TRY IT | Write out each line exactly, starting with the one containing "Windshield washer fluid" and stopping after the last line of the listing below.

INPUT MATERIAL |
::::

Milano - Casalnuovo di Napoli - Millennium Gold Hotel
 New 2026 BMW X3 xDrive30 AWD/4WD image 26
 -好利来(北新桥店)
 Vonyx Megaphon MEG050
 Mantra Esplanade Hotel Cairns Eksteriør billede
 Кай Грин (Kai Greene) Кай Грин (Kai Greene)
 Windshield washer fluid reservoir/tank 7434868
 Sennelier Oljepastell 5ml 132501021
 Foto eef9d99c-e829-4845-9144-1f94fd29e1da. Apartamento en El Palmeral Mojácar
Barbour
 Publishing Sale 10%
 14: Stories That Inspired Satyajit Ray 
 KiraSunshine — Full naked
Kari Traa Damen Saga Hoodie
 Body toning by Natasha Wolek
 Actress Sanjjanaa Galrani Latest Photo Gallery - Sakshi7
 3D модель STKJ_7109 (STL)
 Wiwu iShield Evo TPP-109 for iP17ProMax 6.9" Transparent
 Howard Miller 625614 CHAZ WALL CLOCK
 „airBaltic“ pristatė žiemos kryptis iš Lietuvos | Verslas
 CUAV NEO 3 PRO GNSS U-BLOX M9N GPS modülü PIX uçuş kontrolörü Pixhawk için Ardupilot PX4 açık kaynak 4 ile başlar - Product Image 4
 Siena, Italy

::::

WRITTEN SOLUTION |
 Windshield washer fluid reservoir/tank 7434868
 Sennelier Oljepastell 5ml 132501021
 Foto eef9d99c-e829-4845-9144-1f94fd29e1da. Apartamento en El Palmeral Mojácar
Barbour
 Publishing Sale 10%
 14: Stories That Inspired Satyajit Ray 
 KiraSunshine — Full naked
Kari Traa Damen Saga Hoodie
 Body toning by Natasha Wolek
 Actress Sanjjanaa Galrani Latest Photo Gallery - Sakshi7
 3D модель STKJ_7109 (STL)
 Wiwu iShield Evo TPP-109 for iP17ProMax 6.9" Transparent
 Howard Miller 625614 CHAZ WALL CLOCK
 „airBaltic“ pristatė žiemos kryptis iš Lietuvos | Verslas
 CUAV NEO 3 PRO GNSS U-BLOX M9N GPS modülü PIX uçuş kontrolörü Pixhawk için Ardupilot PX4 açık kaynak 4 ile başlar - Product Image 4
 Siena, Italy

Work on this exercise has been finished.